Grahamstown Gazette: the wellbeing edition

The Thames gold fields were a treacherous place, so it comes as no surprise that the idea of setting up a local hospital is not much younger than the idea of setting up the gold field itself. In March 1868, just seven months after the gold field was proclaimed, a public meeting was held at Butt's American Theatre in Shortland (the site of Fresho’s fruit shop and the old information centre today) to discuss setting up Thames Hospital. Hundreds of people attended, all with the goal of making the fledgling town a safer place to live and work.
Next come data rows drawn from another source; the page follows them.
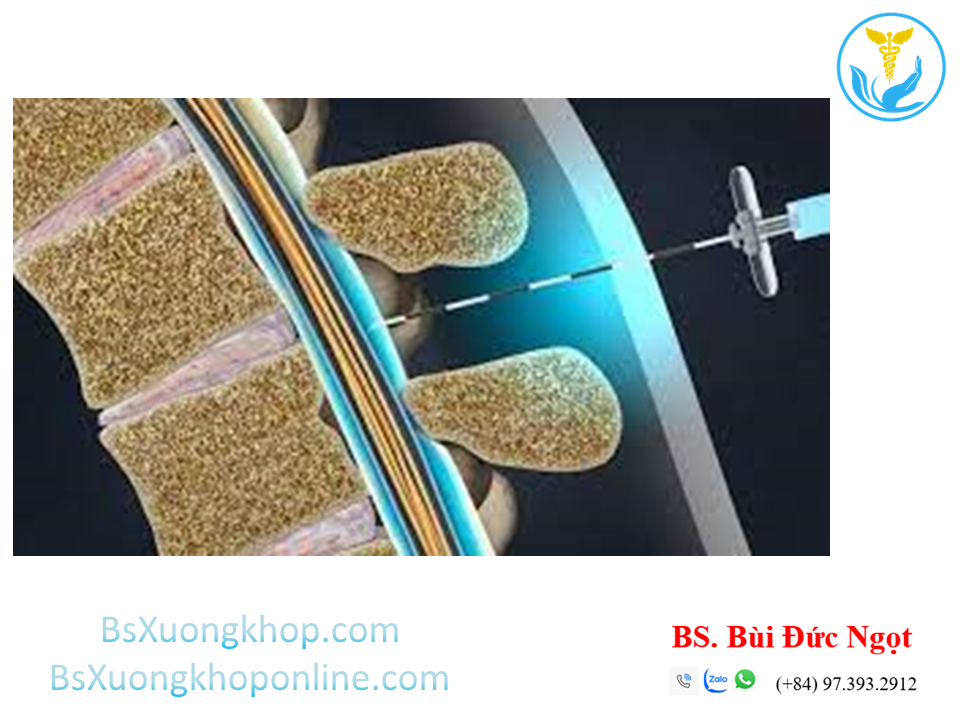 Tiêm ngoài màng cứng ||| BsXuongkhop.com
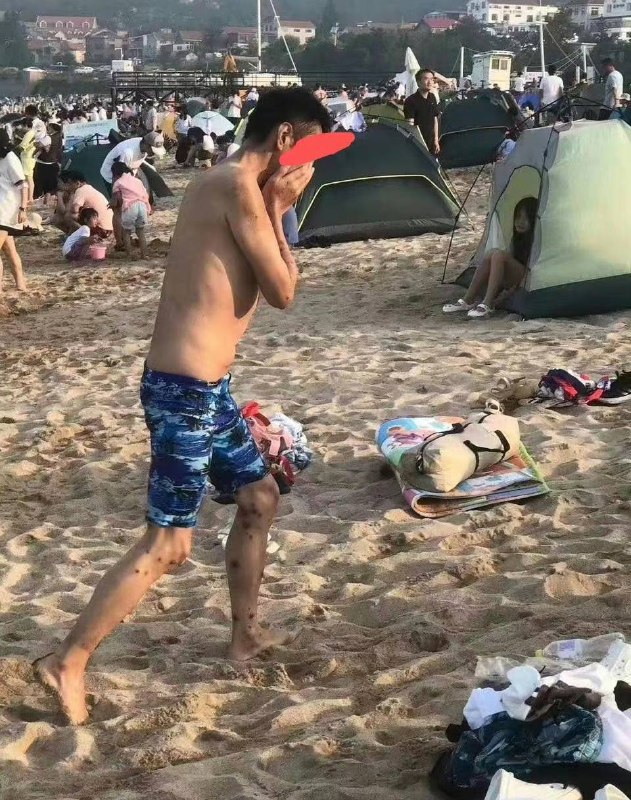 关于 #猴痘 需要了解的实用知识 #给子关于 #猴痘 需要了解的实用知识 #给子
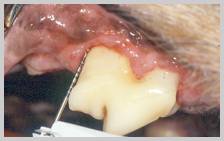 Up to 50% attachment loss with dormant disease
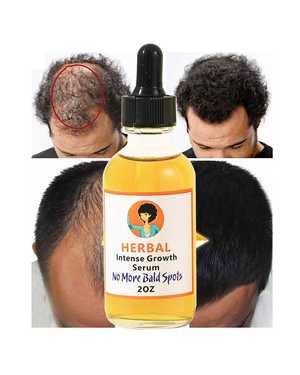 MOOYAM hair growth essential oil Эфирное масло для восстановления и роста волос, 20 мл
Searching for gold in the 1860s was a dangerous business. With most men living in tents or small huts in the first years of the gold field, it was easy to fall sick in the cold and muddy conditions before you even got as far as your gold claim. The tent city that first sprang up in Thames had little in the way of public amenities – no sewers and makeshift roads were the norm. The hunt for gold was physically and mentally demanding, with much of the gold found in quartz hidden deep underground in the hills. Accidents were common, as were illnesses caused by inhaling fumes and quartz dust. Getting professional medical help to injured miners could be a huge logistical nightmare.
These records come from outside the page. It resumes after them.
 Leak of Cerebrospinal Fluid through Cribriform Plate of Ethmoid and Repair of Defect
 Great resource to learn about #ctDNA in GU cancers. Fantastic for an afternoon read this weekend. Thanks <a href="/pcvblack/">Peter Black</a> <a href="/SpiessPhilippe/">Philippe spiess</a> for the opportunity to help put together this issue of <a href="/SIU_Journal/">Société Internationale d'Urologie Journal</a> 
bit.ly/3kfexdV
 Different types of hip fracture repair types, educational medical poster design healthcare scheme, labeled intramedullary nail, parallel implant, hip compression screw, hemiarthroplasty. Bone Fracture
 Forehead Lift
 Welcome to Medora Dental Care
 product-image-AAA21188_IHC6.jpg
The hospital’s opening in November 1868 was a huge cause for celebration, with the New Zealand Herald calling the new building ‘the most valuable institution yet established [on the Thames].’ Due to the hospital’s small size, it operated on a subscription system; while anyone could turn up in need of medical help, men who had subscribed to hospital tickets would take priority over those who had not, if there wasn’t enough space available. If you didn’t own a ticket, the doctors had the right to turn you away.

By February, however, Thames’ population explosion had already rendered the hospital far too small. The hospital had an average of ten indoor patients and twelve outdoor patients per day; although the New Zealand Herald noted that on the day it visited there were thirty outdoor patients, several of which should really be moved indoors. The Herald thought a new Thames Hospital would need space for about eighty patients to keep up with demand.


By November 1869, a year after the hospital opened, 101 patients had received treatment at the hospital. Eighty of those patients were from England or Ireland, and only seven had been born in New Zealand. Forty people had been involved in an accident, and only ten had subsequently died. The hospital had proved itself a huge asset to the frontier town.